* **Exercise**
Repeat exactly, and only, the lines running from the one that holds "abstract, complex, cubism, monochrome color" to the end of the records.

━━━━━━━━━━━━━━━━━━━━

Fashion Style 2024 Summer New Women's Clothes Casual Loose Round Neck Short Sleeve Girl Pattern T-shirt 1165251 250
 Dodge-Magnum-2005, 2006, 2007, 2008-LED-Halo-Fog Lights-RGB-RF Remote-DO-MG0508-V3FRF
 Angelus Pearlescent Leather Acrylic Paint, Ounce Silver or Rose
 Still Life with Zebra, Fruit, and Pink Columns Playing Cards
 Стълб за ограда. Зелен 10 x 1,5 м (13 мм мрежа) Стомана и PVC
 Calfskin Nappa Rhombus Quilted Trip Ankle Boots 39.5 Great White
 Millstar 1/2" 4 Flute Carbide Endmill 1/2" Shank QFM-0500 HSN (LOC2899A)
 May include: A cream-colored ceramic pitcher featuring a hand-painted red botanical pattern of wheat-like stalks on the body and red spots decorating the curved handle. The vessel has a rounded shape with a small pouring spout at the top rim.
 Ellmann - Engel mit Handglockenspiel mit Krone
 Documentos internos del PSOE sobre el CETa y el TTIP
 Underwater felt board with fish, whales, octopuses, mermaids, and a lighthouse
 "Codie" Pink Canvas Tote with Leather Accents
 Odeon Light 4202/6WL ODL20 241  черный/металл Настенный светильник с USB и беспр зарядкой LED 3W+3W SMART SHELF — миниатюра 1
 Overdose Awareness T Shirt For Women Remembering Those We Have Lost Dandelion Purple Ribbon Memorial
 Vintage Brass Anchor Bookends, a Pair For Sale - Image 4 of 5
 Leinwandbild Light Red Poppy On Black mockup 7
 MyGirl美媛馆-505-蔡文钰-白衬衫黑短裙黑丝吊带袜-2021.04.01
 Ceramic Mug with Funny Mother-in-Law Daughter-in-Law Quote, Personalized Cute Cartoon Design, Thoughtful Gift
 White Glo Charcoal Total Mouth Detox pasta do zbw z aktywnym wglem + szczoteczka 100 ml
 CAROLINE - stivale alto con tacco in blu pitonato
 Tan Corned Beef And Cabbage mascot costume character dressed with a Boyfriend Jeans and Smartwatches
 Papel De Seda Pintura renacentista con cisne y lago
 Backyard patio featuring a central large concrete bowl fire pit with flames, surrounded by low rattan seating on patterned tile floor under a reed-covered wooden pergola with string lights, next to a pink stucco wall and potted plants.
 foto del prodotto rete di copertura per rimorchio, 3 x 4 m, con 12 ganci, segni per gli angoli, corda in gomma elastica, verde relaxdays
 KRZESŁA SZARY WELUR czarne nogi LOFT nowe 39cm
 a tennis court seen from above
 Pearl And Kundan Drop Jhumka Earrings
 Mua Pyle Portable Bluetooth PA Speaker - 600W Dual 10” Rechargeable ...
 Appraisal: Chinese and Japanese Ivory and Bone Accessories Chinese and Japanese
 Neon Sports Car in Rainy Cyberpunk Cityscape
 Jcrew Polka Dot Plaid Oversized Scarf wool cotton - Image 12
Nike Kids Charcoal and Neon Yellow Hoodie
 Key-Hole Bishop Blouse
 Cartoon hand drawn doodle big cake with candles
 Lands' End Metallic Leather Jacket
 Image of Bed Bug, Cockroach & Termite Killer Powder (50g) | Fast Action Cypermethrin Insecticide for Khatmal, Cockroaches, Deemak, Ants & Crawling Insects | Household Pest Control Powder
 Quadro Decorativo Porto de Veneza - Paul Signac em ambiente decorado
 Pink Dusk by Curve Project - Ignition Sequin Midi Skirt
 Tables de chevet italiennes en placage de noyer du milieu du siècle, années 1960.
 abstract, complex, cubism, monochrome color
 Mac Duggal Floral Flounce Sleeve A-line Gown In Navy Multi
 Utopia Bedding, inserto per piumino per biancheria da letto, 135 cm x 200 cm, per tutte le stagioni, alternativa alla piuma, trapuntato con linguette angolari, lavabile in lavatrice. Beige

━━━━━━━━━━━━━━━━━━━━

* **Task output**
 abstract, complex, cubism, monochrome color
 Mac Duggal Floral Flounce Sleeve A-line Gown In Navy Multi
 Utopia Bedding, inserto per piumino per biancheria da letto, 135 cm x 200 cm, per tutte le stagioni, alternativa alla piuma, trapuntato con linguette angolari, lavabile in lavatrice. Beige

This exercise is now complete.